I made a break for it then, and cleared the hill on
foot before you caught me up in the green Datsun,
pulled the brake as you threw it in neutral.
We were all so competent driving stick back then.
Maybe that’s the take away. That town that bruised and
bullied the light right out of you gave you this practical gift.
I give up. I gave up then. And you dropped me like
rolled sod over the tailgate and drove me home.
A weird and lonely float in a southwestern gothic parade.

In the yard you turned the hose on me. The cold water
tasted like copper. But then so did the split in my lip.
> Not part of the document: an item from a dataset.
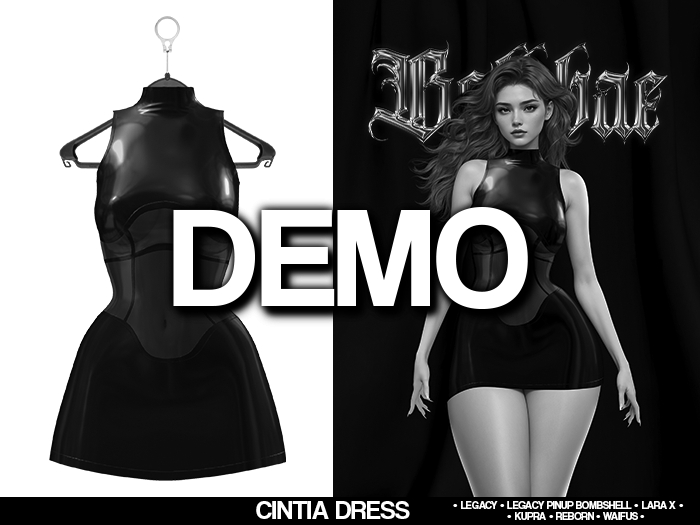 Boldbae - Cintia Dress - DEMO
My hair dripped down my neck and back, my whole
body rose in goose bumps and my shirt was sticking
and bunched across my chest. I cried out truce.
Please, truce. You agreed to stop if I didn’t tell.
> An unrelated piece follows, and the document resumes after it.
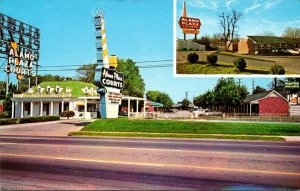 Tennessee Nashville Alamo Plaza Hotel Courts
My brother, before I could slip through the
front door you had it closed and bolted between us.
Nothing could ever be easy with you I screamed,
sprinted for the side door as you locked the
screen. I boiled over. You pushed your head against the
mesh, your thumbs in your ears, taunting me. I
calmly brained you with a rusted monkey wrench
dad asked us to put away. At that crack, before
the fall, as my short lived and stressful victory
settled like a dying wind around us, I knew I loved you,
staring at me, startled and wide-eyed in wonder
like you were seeing me for the first time.